Re: [PATCH] reply_from_cache and reply_to_cache

From: Alex Rousskov <rousskov_at_measurement-factory.com>
Date: Tue, 15 Oct 2013 09:36:39 -0600

On 10/14/2013 10:42 PM, Amos Jeffries wrote:
> On 15/10/2013 5:09 p.m., Alex Rousskov wrote:
>> I forgot to mention that we can also try to do here what we did for
>> ssl_bump. That is, enlarging the set of actions from the default
>> allow/deny to allow/deny/ignore-miss/ignore-hit/store-miss/send-hit:
>>
>> cache deny foo # same as cache deny foo
>> cache send-hit baz # same as reply_from_cache allow baz
>> cache ignore-miss bar # same as reply_to_cache deny bar
>> ...
>>
>> I think that might be better than "store-miss allow" and friends because
>> this scheme follows the traditional "first matching rule wins" approach,
>> but I am not sure it is better than reply_to/from_cache.

> It does not solve the issue of using reply details in the ACLs though.

It can.
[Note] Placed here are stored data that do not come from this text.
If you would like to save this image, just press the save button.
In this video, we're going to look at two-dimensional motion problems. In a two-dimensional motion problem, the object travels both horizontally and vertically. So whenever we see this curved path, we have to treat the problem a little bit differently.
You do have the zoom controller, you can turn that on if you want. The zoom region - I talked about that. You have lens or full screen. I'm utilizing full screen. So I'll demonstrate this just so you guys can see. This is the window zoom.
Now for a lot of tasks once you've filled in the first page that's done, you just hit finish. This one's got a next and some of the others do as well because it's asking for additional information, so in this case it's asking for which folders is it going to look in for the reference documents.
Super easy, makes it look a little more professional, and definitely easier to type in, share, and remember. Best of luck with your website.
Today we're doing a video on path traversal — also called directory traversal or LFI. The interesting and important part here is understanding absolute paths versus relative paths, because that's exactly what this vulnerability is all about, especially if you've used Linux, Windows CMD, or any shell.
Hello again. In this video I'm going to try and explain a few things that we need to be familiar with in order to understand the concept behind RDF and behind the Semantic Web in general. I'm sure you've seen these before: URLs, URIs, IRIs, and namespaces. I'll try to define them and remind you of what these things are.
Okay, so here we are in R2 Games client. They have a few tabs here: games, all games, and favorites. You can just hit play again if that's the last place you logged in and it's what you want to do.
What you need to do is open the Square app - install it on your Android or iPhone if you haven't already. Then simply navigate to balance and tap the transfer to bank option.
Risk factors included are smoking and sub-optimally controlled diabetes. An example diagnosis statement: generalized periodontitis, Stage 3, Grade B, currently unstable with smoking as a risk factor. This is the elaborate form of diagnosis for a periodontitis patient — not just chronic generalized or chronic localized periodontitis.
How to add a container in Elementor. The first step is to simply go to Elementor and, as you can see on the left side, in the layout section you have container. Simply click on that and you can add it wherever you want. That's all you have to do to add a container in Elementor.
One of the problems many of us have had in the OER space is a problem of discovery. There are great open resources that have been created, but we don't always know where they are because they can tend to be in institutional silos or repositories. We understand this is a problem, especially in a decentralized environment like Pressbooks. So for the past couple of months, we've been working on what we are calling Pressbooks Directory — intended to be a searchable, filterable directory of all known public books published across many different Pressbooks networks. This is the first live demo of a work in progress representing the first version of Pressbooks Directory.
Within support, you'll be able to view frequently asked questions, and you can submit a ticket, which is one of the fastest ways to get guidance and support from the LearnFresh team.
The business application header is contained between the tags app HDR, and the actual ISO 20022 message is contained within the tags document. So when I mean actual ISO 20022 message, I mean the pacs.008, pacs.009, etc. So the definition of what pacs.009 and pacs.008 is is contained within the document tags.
Actions that need reply details can be ignored until those
details are available (that is what we tried with Peek and Splice as I
ranted earlier). Another solution (within the same overall approach) is
to add a ReplyAvailable ACL that can be used to protect rules with
reply-only ACLs.

>> Current decision points are:
>>
>> * before hit/miss is detected (the current cache directive)
>> * when a hit is detected (proposed reply_from_cache)
>> * when a miss is being received (proposed reply_to_cache)
>
> How do you see 1 and 2 on that list being different?

I look at the code. They are different there. The existing "cache"
directive is processed _before_ we even try to check whether there is a
hit. In fact, it prevents us from lookup up the cache contents. That is
point 1. Point 2 happens much later, after we started loading [what
could become] a hit from the cache.

> The old cache directive makes no decision about whether the stores are
> involved or not. It just determines between converting a HIT into a MISS

No. It prevents HIT from happening before it knows whether there is a
HIT. That is a big difference from both semantics/ACLs and performance
point of view. We can make a backwards-incompatible change and
essentially remove the "cache" directive functionality from Squid, but
that is not what the proposed patch does.

I am happy to discuss whether backwards-incompatible changes would be
better in this case. I do not know the answer to that question, but
before we even start discussing backwards-incompatible changes, I would
like to make sure that you actually want [to consider] them.

> and (wrongly) causes invalidation of any stored content.

which is another difference with the proposed directives. They do not
invalidate stored content (Note to self: fix that aspect in the updated
descriptions -- I suspect some of my invalidation tests were flawed!).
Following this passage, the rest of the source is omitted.